[[ DATA SHOWN, beginning ]]

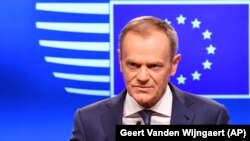 European Council President Donald Tusk said that all member states were "totally united when it comes the role of sanctions against Russia." (file photo)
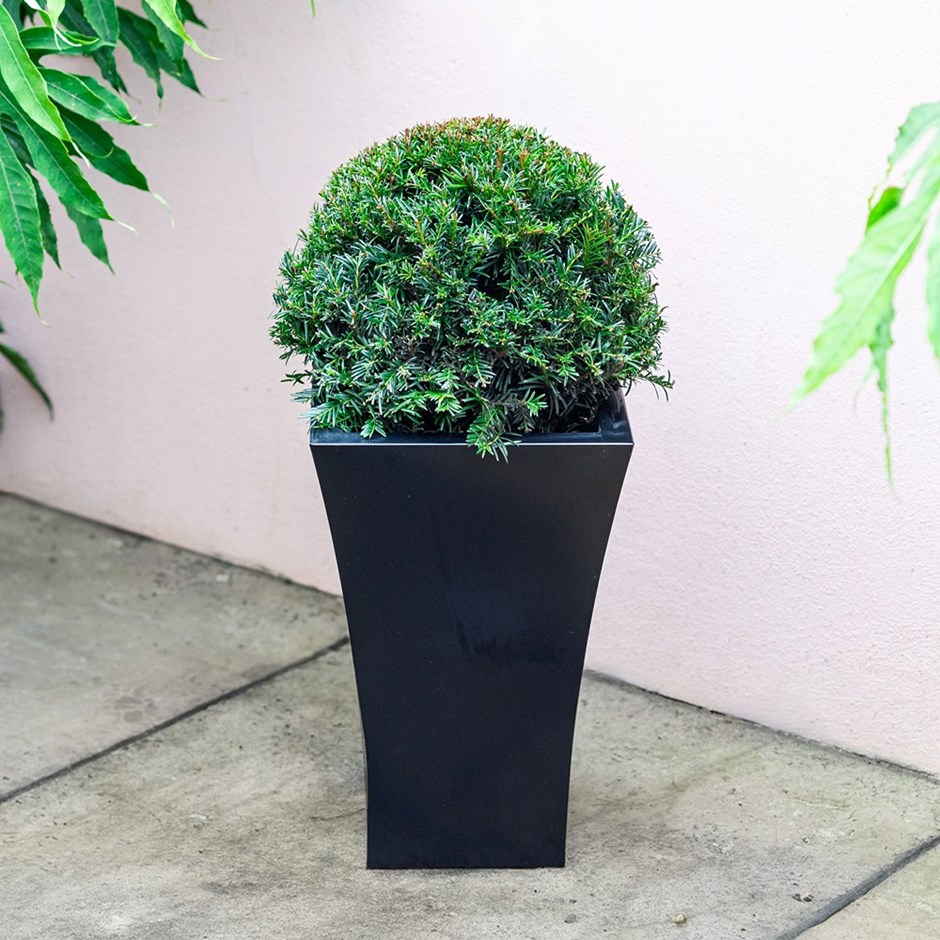 Black Zinc Tapered Square Planter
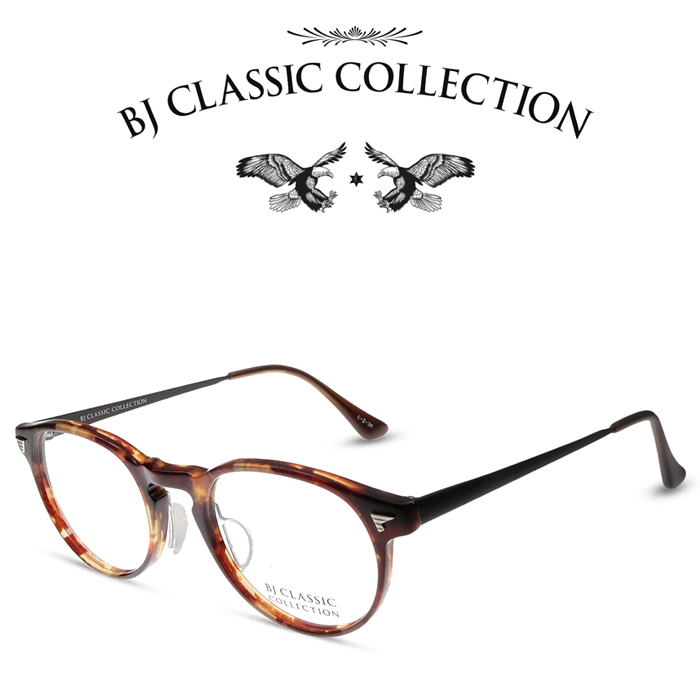 【BJ CLASSIC COLLECTION正規取扱店】 BJ CLASSIC COLLECTION BJクラシックコレクション CELLULOID P-510MT C-2-3H バラフ・Mtブラウン 度付きメガネ 伊達メガネ メンズ レディース セルロイド 本格眼鏡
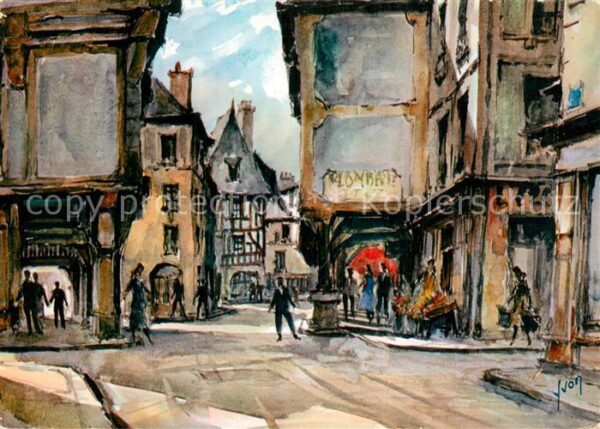 Dinan 22 Place de l Apport peinture Künstlerkart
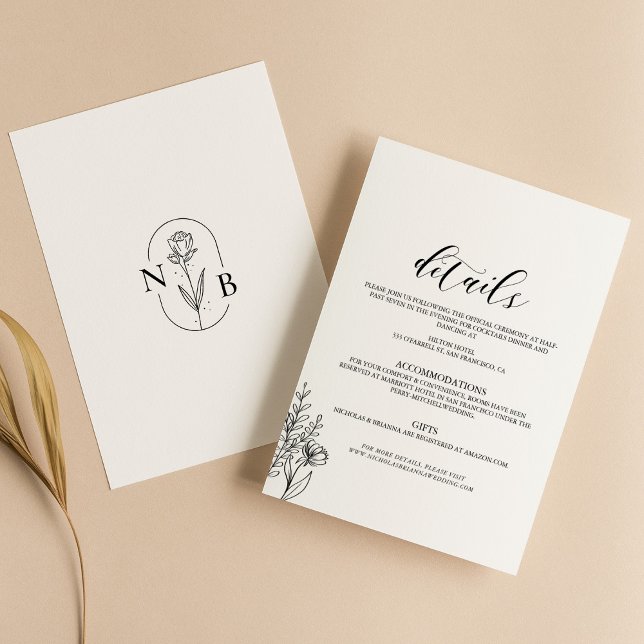 Tarjeta De Recepción Detalles del Boda moderno mínimo del clásico blanc (Subido por el creador)
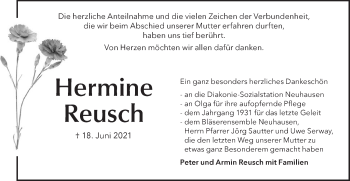 Traueranzeige von Hermine Reusch von Metzinger-Uracher Volksblatt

[[ DATA SHOWN, end ]]

> [THE TASK]: Exclude every picture and restate the listing word for word.

> [PROBLEM SOLUTION]:
 European Council President Donald Tusk said that all member states were "totally united when it comes the role of sanctions against Russia." (file photo)
 Black Zinc Tapered Square Planter
 【BJ CLASSIC COLLECTION正規取扱店】 BJ CLASSIC COLLECTION BJクラシックコレクション CELLULOID P-510MT C-2-3H バラフ・Mtブラウン 度付きメガネ 伊達メガネ メンズ レディース セルロイド 本格眼鏡
 Dinan 22 Place de l Apport peinture Künstlerkart
 Tarjeta De Recepción Detalles del Boda moderno mínimo del clásico blanc (Subido por el creador)
 Traueranzeige von Hermine Reusch von Metzinger-Uracher Volksblatt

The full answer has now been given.